Bidston Village has appeared in records since Doomsday, but evidence for occupation goes back to the Stone Age. The Village still maintains its medieval shape of church, farms, village green and manor house.
Bidston has a rich heritage, and has been involved in several key points of British history. At one time, the village was owned by the Stanley family, who became Earls of Derby. The 6th Earl of Derby has been closely associated with William Shakespeare and is credited with bringing Shakespeare to Bidston as a member of a band of actors.
As Royalists, the Stanley family forfeited their lands during the Commonwealth, but on the Restoration of the monarchy the village came into the possession of the Vyners family. It is because of the Vyner family that the village has remained in the style of a Medieval village, and in the late 20th century was designated as a Conservation Area.

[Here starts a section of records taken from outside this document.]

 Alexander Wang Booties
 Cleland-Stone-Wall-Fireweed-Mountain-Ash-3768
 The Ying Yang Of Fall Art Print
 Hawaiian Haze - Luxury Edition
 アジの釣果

Today, Bidston Village’s status as a conservation area has meant that the village remains a genuinely beautiful place for visitors. A walk around the village should take approximately an hour, and you can see the buildings which chart the village's history.

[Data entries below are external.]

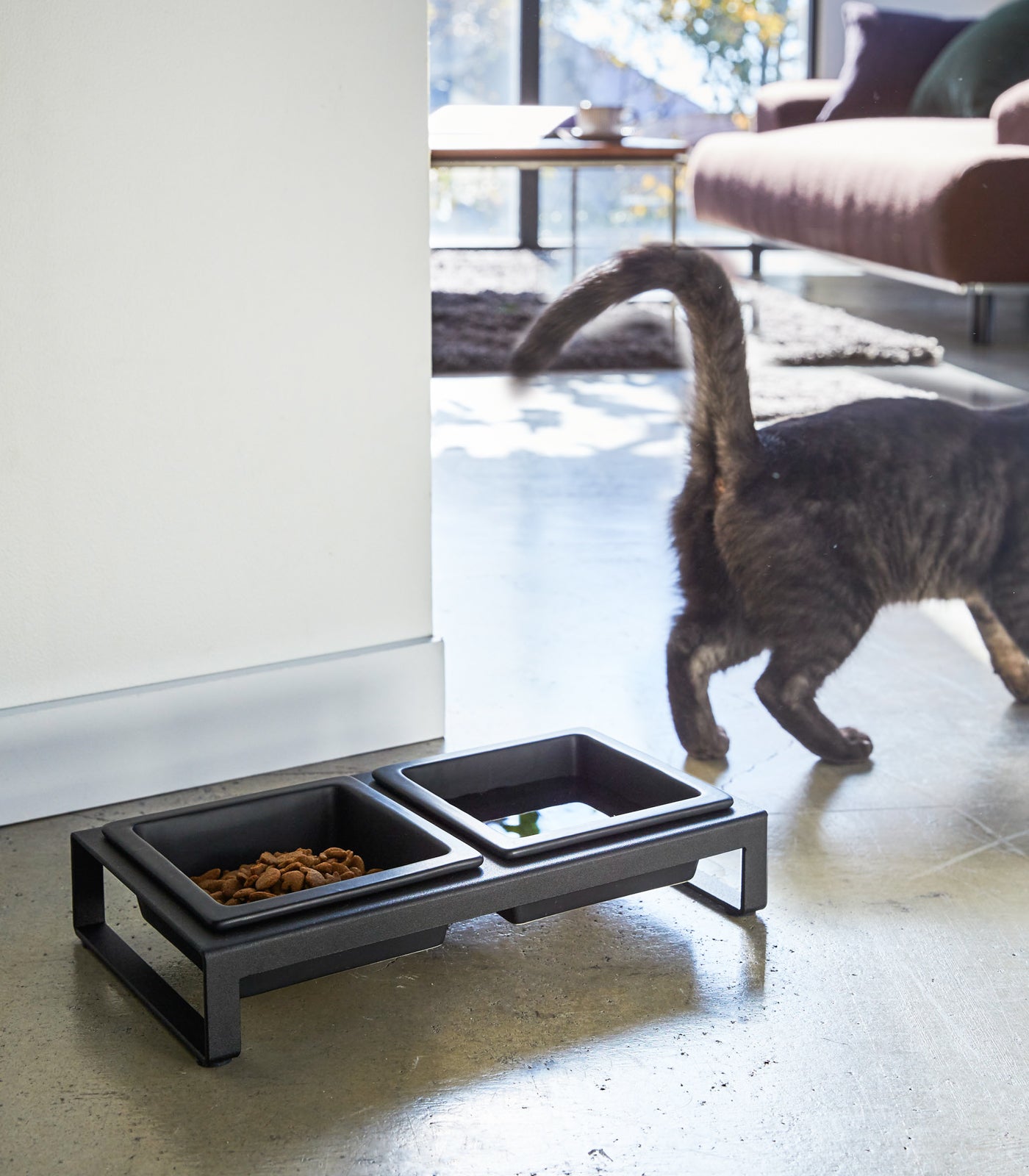 Pet Food Bowl - Short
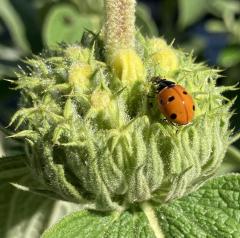 Ladybird beetle on a Jerusalem sage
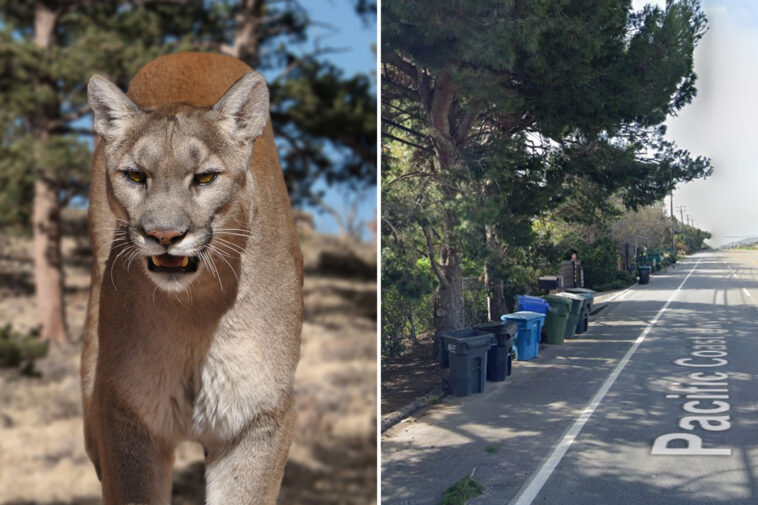 11-year-old-girl-attacked-by-mountain-lion-outside-malibu-home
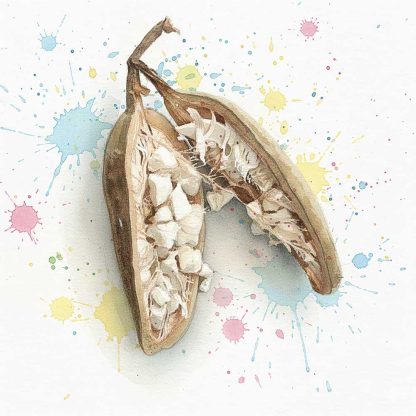 Baobab Seed Oil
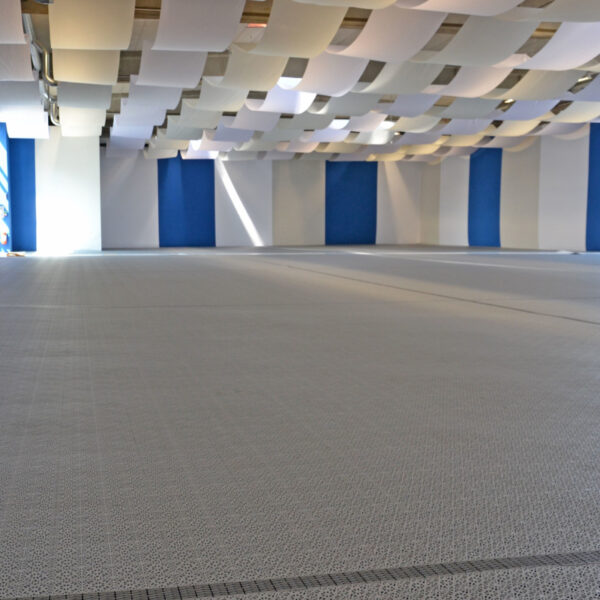 Espaciosa área interior con alfombra gris estampada, paredes azules y diseño de techo geométrico.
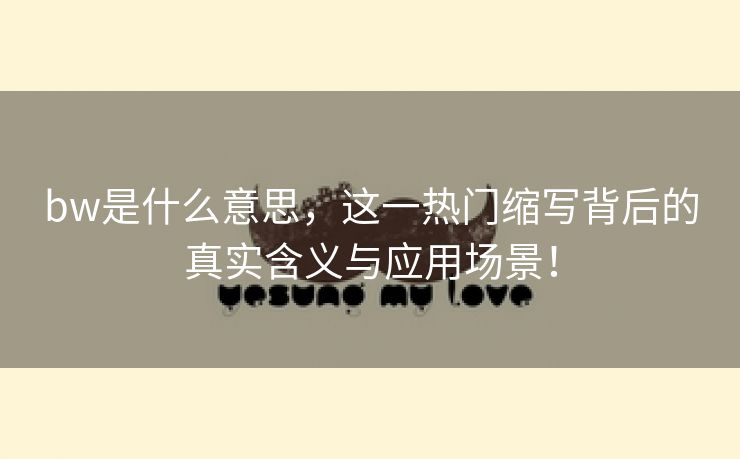 bw是什么意思，这一热门缩写背后的真实含义与应用场景！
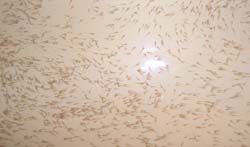 rohu-breeding-cifa-09-12-2013-8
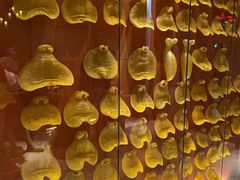 -辉哥火锅(虹桥路店)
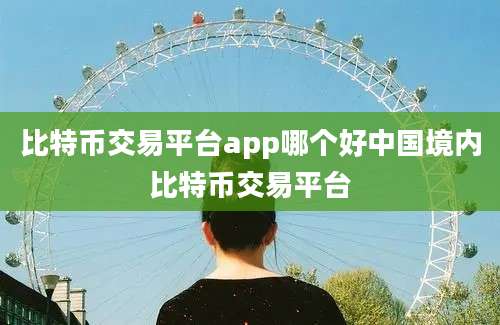 比特币交易平台app哪个好中国境内比特币交易平台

Start the walk from Bidston Church, the site of the original church in the 12th century, and take in the tower which dates from 1520. From the church, travel through the village and see the variety of farm houses (all from different eras), through to Bidston Hall which was built in the 1580s, and is where Shakespeare is believed to have visited.

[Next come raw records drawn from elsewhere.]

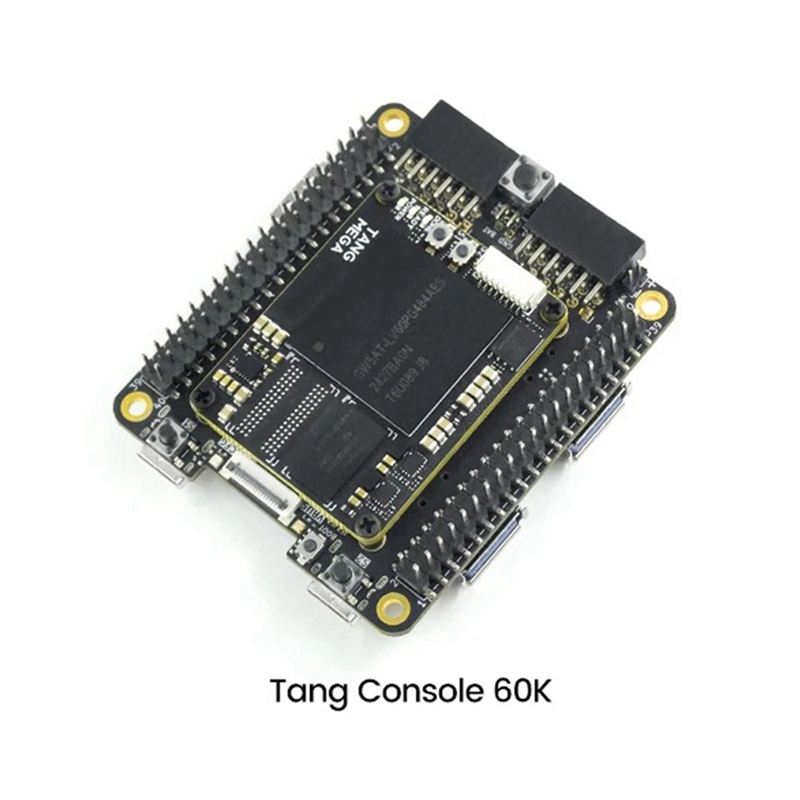 Für Tang Console 60K Mini FPGA – Perfboard Bewertung und Preis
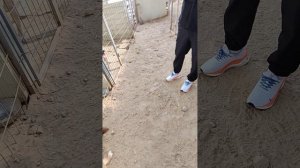 Корейская Собака Джиндо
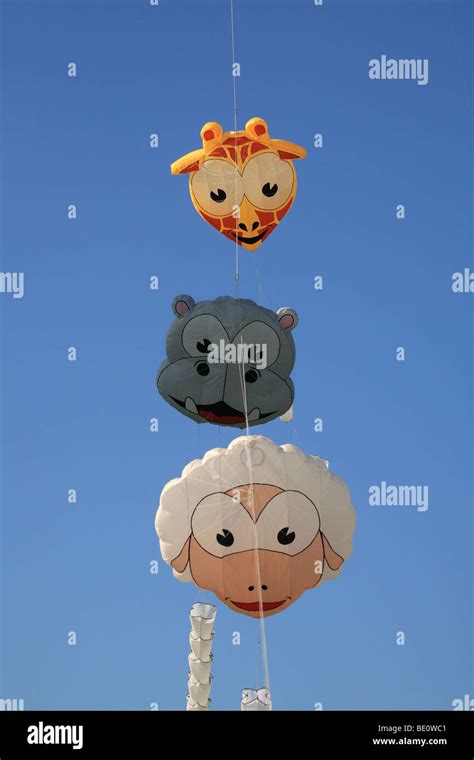 Giant kites hi-res stock photography and images - Alamy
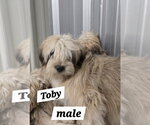 Small #2 Shih Tzu Mix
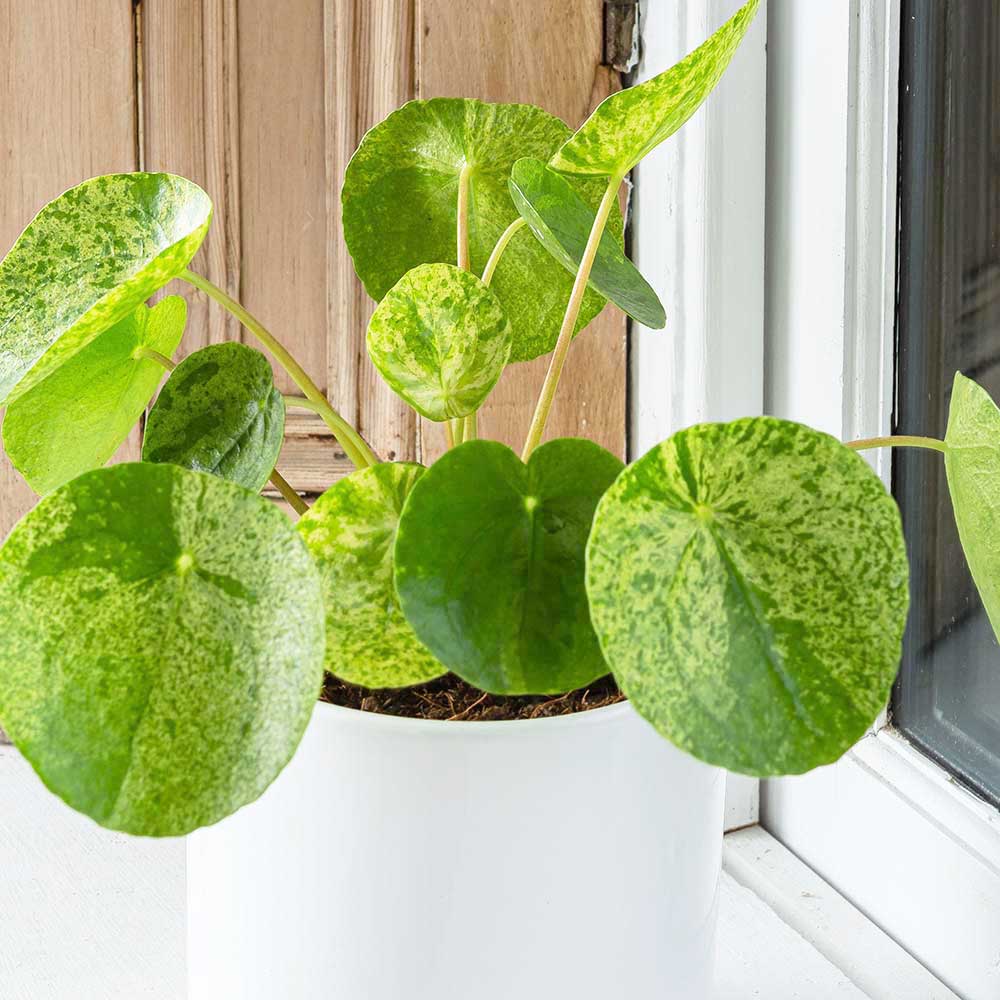 image.title Pilea Mojito: A Tropical Delight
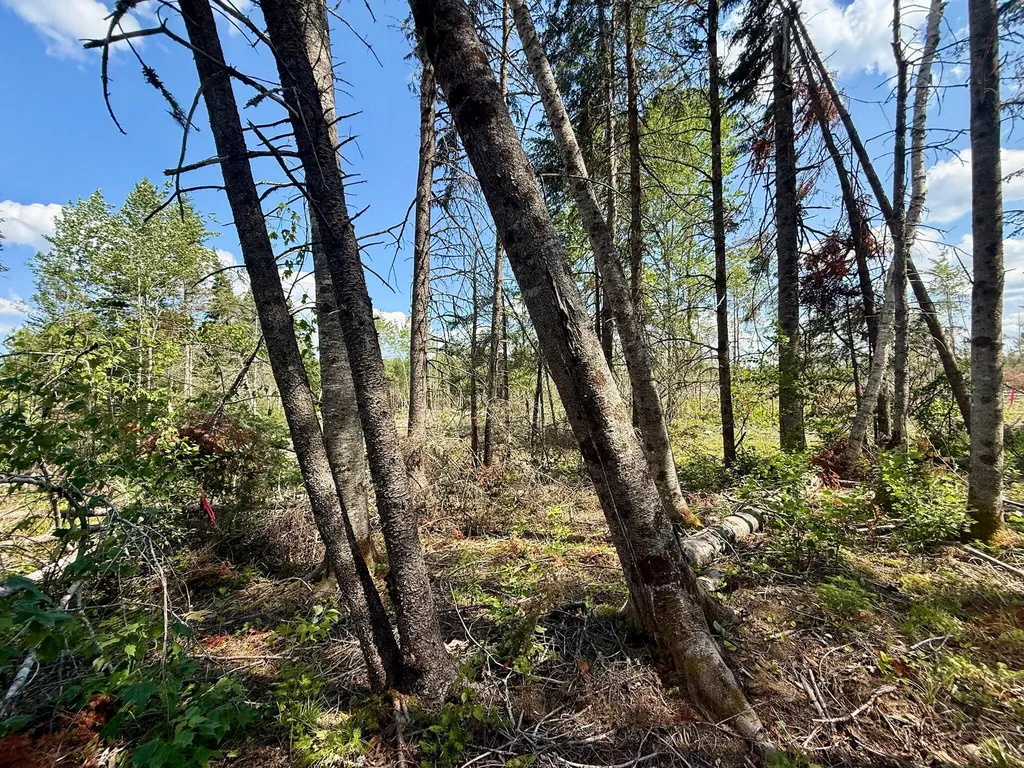 Tbd Loon Bay Road Dyer Twp ME 04492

Within the Bidston area is Flaybrick Memorial Gardens, Wirral's finest Victorian cemetery. Set in 26 acres of landscaped gardens, it contains a great variety of memorial architecture.
Tam O Shanters Urban Farm is a working farm, designed as a family attraction. It is based at Tam O Shanter's cottage which is around 300 years old. Click here for information.
There are also regular Open Days at Bidston Lighthouse and Bidston Windmill with tours available. You can also check the Lighthouse Opening times here.
Bidston Hill is also an area of great beauty and is well worth a visit in its own right.